PODER JUDICIÁRIO
TRIBUNAL DE ALÇADA DE MINAS GERAIS

 

APELAÇÃO CÍVEL Nº 390.450-3, COMARCA DE SETE LAGOAS
APELANTE: V.B.M.
APELADO: CNA
RELATOR: JUIZ MAURO SOARES DE FREITAS

 

EMENTA:

COBRANÇA – GUIAS DE RECOLHIMENTO - CONTRIBUIÇÃO SINDICAL RURAL – PROCEDIMENTO – ADEQUAÇÃO – DÉBITO DE NATUREZA TRIBUTÁRIA – INCIDÊNCIA DE JUROS E MULTA – CABIMENTO E PERTINÊNCIA – CERCEAMENTO DE DEFESA AFASTADO – QUESTÃO DE DIREITO QUE INDEPENDE DE PROVA.
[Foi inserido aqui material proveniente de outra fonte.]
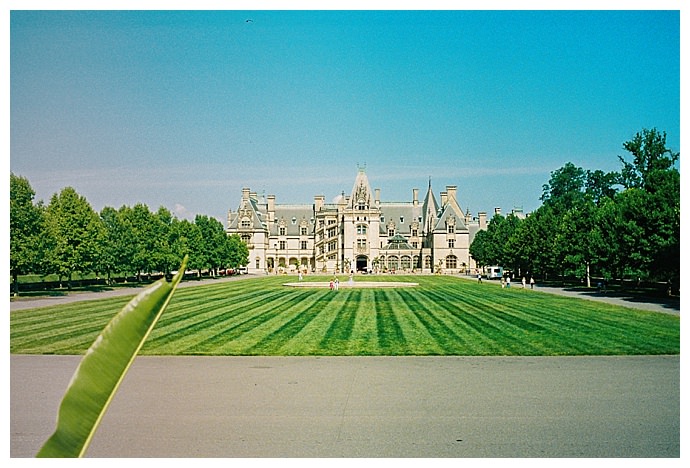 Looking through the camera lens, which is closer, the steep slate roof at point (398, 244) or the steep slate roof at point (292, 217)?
the steep slate roof at point (398, 244)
A guia de recolhimento da Contribuição Sindical Rural, acompanhada do demonstrativo da constituição do crédito por imóvel, porque atende a essas exigências e exterioriza obrigação contida em lei, é prova escrita apta a ensejar a cobrança do valor total nela consubstanciado.
As normas pertinentes à execução fiscal não se aplicam às entidades sindicais, cuja natureza jurídica é de direito privado.
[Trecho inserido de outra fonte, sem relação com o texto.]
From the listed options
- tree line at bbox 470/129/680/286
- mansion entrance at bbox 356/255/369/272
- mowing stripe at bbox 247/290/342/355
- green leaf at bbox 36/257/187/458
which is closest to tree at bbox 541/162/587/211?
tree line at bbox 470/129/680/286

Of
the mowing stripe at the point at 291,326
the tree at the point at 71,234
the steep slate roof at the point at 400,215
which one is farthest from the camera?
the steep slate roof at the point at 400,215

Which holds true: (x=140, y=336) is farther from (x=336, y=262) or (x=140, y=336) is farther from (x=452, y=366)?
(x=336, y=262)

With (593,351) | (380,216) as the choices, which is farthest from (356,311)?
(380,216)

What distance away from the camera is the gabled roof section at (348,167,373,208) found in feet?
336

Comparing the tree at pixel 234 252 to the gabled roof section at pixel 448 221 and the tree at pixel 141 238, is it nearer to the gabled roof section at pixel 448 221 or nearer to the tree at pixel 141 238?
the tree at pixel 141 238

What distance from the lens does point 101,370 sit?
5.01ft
A contribuição sindical “prevista em lei”, a que se refere a parte final do inciso IV, do art. 8º da Constituição da República – a mesma que compete à União Federal instituir no “interesse das categorias profissionais ou econômicas, como instrumento de sua atuação nas respectivas áreas”, de que trata o art. 149 do texto constitucional – por ter natureza tributária, é compulsória para os que integram as respectivas categorias econômicas e profissionais, independentemente de filiação a sindicato, restando inaplicável a restrição do art. 154, I, da Carta Magna, porquanto não há falar em bi-tributação com o Imposto Territorial Rural, por se tratarem de tributos de natureza distinta.
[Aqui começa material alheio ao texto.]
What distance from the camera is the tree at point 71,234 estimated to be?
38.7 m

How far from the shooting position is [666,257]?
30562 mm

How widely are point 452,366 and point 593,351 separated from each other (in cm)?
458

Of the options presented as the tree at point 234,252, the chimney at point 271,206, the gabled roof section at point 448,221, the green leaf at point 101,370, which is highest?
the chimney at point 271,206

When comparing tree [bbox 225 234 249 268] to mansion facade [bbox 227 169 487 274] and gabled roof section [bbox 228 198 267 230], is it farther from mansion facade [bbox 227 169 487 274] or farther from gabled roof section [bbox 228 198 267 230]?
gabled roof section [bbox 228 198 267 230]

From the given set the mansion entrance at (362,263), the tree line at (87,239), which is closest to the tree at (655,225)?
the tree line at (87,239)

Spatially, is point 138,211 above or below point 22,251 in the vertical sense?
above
Se os demonstrativos de débito de contribuição sindical obedeceram ao disposto no art. 600 da CLT, que trata das penalidades em caso de atraso no pagamento da contribuição, aplicando corretamente a multa, juros de mora e correção monetária, nenhuma redução há de ser feita no cálculo, se os valores cobrados estão de acordo com a legislação vigente e dentro dos índices próprios.

V O T O S

O SR. JUIZ MAURO SOARES DE FREITAS:

Cuida-se de recurso de apelação interposto por Valter Bastos Martins, que se diz inconformado com a r. sentença de f. 65-72, proferida nos autos da “ação de cobrança em procedimento sumário” ajuizada pela Confederação Nacional da Agricultura – CNA, ora apelada, na qual o douto Juízo da 3ª Vara Cível da Comarca de Sete Lagoas julgou procedente o pedido aviado na peça vestibular e condenou o recorrente no pagamento das contribuições sindicais rurais dos exercícios de 1998 e 1999, nos valores de R$358,30 (trezentos e cinqüenta e oito reais e trinta centavos) e R$294,49 (duzentos e noventa e quatro reais e quarenta e nove centavos), respectivamente, acrescidos de juros moratórios à taxa mensal de 1% e multa de 10%, além de correção monetária desde os respectivos vencimentos, até a data do efetivo pagamento.

Em suas razões de inconformismo, o recorrente argúi preliminar na qual questiona a validade dos documentos que instruem a petição inicial, sobretudo a suposta exigibilidade de “Certidão expedida pelas autoridades Regionais do Ministério do Trabalho” (sic) e a imprestabilidade do “boleto bancário” (sic) para firmar a exação da qual se diz vítima.

No mérito, sustenta que “o artigo 606 de CLT exige que seja ação executiva, não se pode mover ação de cobrança, ainda mais com boleto bancário” (sic).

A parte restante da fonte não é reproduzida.